Dans l'article précédent, nous avions évoqué le cas des calques, ces emprunts qui consistent en une traduction littérale d'un mot ou d'un groupe de mots étrangers. Dans certains cas, ces calques s'apparentent aux xénismes dans la mesure où ils nomment des réalités jusqu'alors inconnues en France, comme sky-scraper qui a donné gratte-ciel. On peut donc accepter gratte-ciel car le type de construction nommé par ce mot n'existait pas en France à l'époque où gratte-ciel est arrivé en français. En revanche, ce qui pose problème, ce sont les traductions littérales ou les francisations hasardeuses de mots anglais et, ce, pour les raisons suivantes : soit il existe déjà des équivalents en français et il n'y a donc nul besoin d'adapter un mot étranger (pourquoi utiliser fermier, calqué sur farmer, alors qu'agriculteur convient parfaitement), soit la mauvaise traduction aboutit à un mot qui a un sens différent en français (une opportunité n'est pas une occasion).

 

Le problème est que ces mauvaises traductions et ces calques malvenus s'insinuent dans les esprits et se répandent dans le langage.
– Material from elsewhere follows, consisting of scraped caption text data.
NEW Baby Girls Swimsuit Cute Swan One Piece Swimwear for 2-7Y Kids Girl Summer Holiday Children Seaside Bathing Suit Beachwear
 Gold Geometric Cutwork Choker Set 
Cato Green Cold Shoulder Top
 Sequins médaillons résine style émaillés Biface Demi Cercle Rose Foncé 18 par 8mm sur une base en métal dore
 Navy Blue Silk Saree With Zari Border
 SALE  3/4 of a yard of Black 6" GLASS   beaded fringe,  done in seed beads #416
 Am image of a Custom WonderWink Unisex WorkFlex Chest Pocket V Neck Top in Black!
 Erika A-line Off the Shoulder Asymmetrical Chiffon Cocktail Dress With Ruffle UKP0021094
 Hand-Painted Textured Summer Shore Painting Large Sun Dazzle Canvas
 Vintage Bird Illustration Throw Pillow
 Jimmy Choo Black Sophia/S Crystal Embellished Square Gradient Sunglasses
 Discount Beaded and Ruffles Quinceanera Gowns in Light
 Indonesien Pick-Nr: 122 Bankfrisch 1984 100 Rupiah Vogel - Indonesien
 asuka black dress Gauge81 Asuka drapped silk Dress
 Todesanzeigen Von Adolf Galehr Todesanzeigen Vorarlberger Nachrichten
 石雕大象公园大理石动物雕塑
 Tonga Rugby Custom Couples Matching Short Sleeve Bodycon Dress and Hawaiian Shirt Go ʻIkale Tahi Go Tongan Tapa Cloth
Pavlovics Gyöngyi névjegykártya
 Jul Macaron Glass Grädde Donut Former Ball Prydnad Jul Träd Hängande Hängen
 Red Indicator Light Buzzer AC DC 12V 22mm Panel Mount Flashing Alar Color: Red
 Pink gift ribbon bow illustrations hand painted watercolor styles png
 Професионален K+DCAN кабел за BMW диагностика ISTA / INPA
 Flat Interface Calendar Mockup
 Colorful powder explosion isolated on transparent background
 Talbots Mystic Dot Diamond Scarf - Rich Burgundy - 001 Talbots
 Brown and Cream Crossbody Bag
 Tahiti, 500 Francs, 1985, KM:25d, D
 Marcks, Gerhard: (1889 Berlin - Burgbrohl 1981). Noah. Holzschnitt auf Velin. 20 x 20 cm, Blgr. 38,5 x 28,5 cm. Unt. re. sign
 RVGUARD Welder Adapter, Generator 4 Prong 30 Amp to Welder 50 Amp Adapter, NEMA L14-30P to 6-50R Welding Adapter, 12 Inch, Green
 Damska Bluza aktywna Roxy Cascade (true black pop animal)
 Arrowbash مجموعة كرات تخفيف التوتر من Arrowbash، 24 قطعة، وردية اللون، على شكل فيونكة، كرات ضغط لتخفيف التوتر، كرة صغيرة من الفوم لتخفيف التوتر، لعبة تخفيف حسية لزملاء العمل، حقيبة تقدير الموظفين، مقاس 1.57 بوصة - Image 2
Nous en proposons quelques exemples dans la liste qui suit ; si celle-ci n'est malheureusement pas exhaustive, tant s'en faut, elle a au moins le mérite de mettre en lumière quelques mots et tournures qu'il convient de ne pas utiliser :

 

 

 

termes anglais originels

traduction fautive

expression française

agenda

agenda

ordre du jour

base oneself on (to)

se baser sur

se fonder sur, s'appuyer sur

Beijing[1]

Beijing

Pékin

Belarus

Belarus

Biélorussie

concerning

concernant

au sujet de

(computer) consumables[2]

consommables (n.) informatiques

accessoires informatiques

conventional weapons

armes conventionnelles

armes classiques

definitely

définitivement

tout à fait

farmer

fermier

agriculteur

globalization

globalisation

mondialisation

Malaysian

malaisien

malais

millennium

millénium

millénaire

Myanmar

Myanmar

Birmanie

opportunity

opportunité

occasion

secular society

société séculaire

société laïque

standardization

standardisation

normalisation

tributary

tributaire

affluent

veteran

vétéran

ancien combattant

 

 

Comme nous l'avons dit plus haut, cette liste n'a pas la prétention de présenter tous les calques et traductions abusifs qui sévissent dans le langage de certains. Dans les articles futurs, nous aurons l'occasion de présenter d'autres exemples. Gageons que ces articles seront nombreux.

 

 

 

 

[1] Quand il existe en français le nom français d'une ville ou d'un pays étranger, et que ce nom est bien établi depuis plusieurs siècles, c'est celui-ci qu'il convient d'utiliser, non celui de la langue d'origine. Il ne viendrait à personne l'idée de dire : Si on allait à München, pour la fête de la Bière ?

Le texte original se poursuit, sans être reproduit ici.